→ **PROBLEM DESCRIPTION**: Reproduce the data below in full. Nothing should differ from the original.

→ **PROVIDED DATA**:
☆ ☆ ☆ ☆
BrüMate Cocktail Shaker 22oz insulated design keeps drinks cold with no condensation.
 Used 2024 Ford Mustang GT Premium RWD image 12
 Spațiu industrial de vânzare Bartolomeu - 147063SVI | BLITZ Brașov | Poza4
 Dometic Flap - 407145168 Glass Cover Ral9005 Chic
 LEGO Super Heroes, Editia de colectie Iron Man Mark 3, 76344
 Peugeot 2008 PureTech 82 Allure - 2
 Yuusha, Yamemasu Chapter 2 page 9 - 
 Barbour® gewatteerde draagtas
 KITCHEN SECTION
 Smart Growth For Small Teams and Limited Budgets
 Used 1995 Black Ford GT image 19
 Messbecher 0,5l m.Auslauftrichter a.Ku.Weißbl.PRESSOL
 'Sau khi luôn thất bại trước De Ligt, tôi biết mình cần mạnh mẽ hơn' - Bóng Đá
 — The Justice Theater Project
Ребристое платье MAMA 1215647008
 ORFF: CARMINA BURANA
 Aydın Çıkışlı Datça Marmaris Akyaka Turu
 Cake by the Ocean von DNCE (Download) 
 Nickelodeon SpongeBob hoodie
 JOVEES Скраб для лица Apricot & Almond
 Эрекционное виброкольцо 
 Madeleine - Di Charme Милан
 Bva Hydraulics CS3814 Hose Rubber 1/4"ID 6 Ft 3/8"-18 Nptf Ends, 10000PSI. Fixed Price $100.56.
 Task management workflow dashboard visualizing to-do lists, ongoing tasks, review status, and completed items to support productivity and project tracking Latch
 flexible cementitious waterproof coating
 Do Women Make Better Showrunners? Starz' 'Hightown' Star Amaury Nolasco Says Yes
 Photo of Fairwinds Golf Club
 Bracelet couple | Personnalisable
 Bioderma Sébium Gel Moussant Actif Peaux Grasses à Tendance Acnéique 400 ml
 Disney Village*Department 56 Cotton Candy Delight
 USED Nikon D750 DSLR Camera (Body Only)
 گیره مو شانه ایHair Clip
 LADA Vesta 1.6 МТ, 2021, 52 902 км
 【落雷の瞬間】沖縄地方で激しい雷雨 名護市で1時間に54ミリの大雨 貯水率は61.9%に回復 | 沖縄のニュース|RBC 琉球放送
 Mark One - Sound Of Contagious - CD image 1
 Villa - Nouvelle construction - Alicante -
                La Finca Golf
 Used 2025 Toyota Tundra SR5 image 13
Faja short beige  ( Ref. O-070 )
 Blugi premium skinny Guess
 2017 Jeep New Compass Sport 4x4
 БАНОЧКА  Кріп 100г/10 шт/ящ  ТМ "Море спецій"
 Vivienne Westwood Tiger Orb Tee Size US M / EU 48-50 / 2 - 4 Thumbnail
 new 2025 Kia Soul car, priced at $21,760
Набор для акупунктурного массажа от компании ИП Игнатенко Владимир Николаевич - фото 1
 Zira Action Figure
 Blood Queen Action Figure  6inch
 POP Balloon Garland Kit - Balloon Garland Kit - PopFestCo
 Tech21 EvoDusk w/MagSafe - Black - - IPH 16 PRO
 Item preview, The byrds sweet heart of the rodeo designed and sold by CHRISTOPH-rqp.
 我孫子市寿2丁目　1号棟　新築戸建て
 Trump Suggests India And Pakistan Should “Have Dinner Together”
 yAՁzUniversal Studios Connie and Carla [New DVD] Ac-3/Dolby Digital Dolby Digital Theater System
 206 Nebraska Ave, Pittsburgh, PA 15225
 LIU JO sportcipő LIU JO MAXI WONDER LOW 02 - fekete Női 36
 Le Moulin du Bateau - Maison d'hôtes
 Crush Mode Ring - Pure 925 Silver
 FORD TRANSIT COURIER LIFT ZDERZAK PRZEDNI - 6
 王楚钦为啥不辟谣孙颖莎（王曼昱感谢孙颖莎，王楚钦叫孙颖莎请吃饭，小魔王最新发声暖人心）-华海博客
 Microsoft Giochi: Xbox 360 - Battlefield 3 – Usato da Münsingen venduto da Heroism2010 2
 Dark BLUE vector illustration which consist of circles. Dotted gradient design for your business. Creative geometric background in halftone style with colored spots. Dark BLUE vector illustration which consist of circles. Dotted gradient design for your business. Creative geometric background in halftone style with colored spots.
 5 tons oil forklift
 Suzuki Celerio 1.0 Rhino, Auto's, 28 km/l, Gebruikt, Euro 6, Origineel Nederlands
☆ ☆ ☆ ☆
→ **EXERCISE RESULT**:
BrüMate Cocktail Shaker 22oz insulated design keeps drinks cold with no condensation.
 Used 2024 Ford Mustang GT Premium RWD image 12
 Spațiu industrial de vânzare Bartolomeu - 147063SVI | BLITZ Brașov | Poza4
 Dometic Flap - 407145168 Glass Cover Ral9005 Chic
 LEGO Super Heroes, Editia de colectie Iron Man Mark 3, 76344
 Peugeot 2008 PureTech 82 Allure - 2
 Yuusha, Yamemasu Chapter 2 page 9 - 
 Barbour® gewatteerde draagtas
 KITCHEN SECTION
 Smart Growth For Small Teams and Limited Budgets
 Used 1995 Black Ford GT image 19
 Messbecher 0,5l m.Auslauftrichter a.Ku.Weißbl.PRESSOL
 'Sau khi luôn thất bại trước De Ligt, tôi biết mình cần mạnh mẽ hơn' - Bóng Đá
 — The Justice Theater Project
Ребристое платье MAMA 1215647008
 ORFF: CARMINA BURANA
 Aydın Çıkışlı Datça Marmaris Akyaka Turu
 Cake by the Ocean von DNCE (Download) 
 Nickelodeon SpongeBob hoodie
 JOVEES Скраб для лица Apricot & Almond
 Эрекционное виброкольцо 
 Madeleine - Di Charme Милан
 Bva Hydraulics CS3814 Hose Rubber 1/4"ID 6 Ft 3/8"-18 Nptf Ends, 10000PSI. Fixed Price $100.56.
 Task management workflow dashboard visualizing to-do lists, ongoing tasks, review status, and completed items to support productivity and project tracking Latch
 flexible cementitious waterproof coating
 Do Women Make Better Showrunners? Starz' 'Hightown' Star Amaury Nolasco Says Yes
 Photo of Fairwinds Golf Club
 Bracelet couple | Personnalisable
 Bioderma Sébium Gel Moussant Actif Peaux Grasses à Tendance Acnéique 400 ml
 Disney Village*Department 56 Cotton Candy Delight
 USED Nikon D750 DSLR Camera (Body Only)
 گیره مو شانه ایHair Clip
 LADA Vesta 1.6 МТ, 2021, 52 902 км
 【落雷の瞬間】沖縄地方で激しい雷雨 名護市で1時間に54ミリの大雨 貯水率は61.9%に回復 | 沖縄のニュース|RBC 琉球放送
 Mark One - Sound Of Contagious - CD image 1
 Villa - Nouvelle construction - Alicante -
                La Finca Golf
 Used 2025 Toyota Tundra SR5 image 13
Faja short beige  ( Ref. O-070 )
 Blugi premium skinny Guess
 2017 Jeep New Compass Sport 4x4
 БАНОЧКА  Кріп 100г/10 шт/ящ  ТМ "Море спецій"
 Vivienne Westwood Tiger Orb Tee Size US M / EU 48-50 / 2 - 4 Thumbnail
 new 2025 Kia Soul car, priced at $21,760
Набор для акупунктурного массажа от компании ИП Игнатенко Владимир Николаевич - фото 1
 Zira Action Figure
 Blood Queen Action Figure  6inch
 POP Balloon Garland Kit - Balloon Garland Kit - PopFestCo
 Tech21 EvoDusk w/MagSafe - Black - - IPH 16 PRO
 Item preview, The byrds sweet heart of the rodeo designed and sold by CHRISTOPH-rqp.
 我孫子市寿2丁目　1号棟　新築戸建て
 Trump Suggests India And Pakistan Should “Have Dinner Together”
 yAՁzUniversal Studios Connie and Carla [New DVD] Ac-3/Dolby Digital Dolby Digital Theater System
 206 Nebraska Ave, Pittsburgh, PA 15225
 LIU JO sportcipő LIU JO MAXI WONDER LOW 02 - fekete Női 36
 Le Moulin du Bateau - Maison d'hôtes
 Crush Mode Ring - Pure 925 Silver
 FORD TRANSIT COURIER LIFT ZDERZAK PRZEDNI - 6
 王楚钦为啥不辟谣孙颖莎（王曼昱感谢孙颖莎，王楚钦叫孙颖莎请吃饭，小魔王最新发声暖人心）-华海博客
 Microsoft Giochi: Xbox 360 - Battlefield 3 – Usato da Münsingen venduto da Heroism2010 2
 Dark BLUE vector illustration which consist of circles. Dotted gradient design for your business. Creative geometric background in halftone style with colored spots. Dark BLUE vector illustration which consist of circles. Dotted gradient design for your business. Creative geometric background in halftone style with colored spots.
 5 tons oil forklift
 Suzuki Celerio 1.0 Rhino, Auto's, 28 km/l, Gebruikt, Euro 6, Origineel Nederlands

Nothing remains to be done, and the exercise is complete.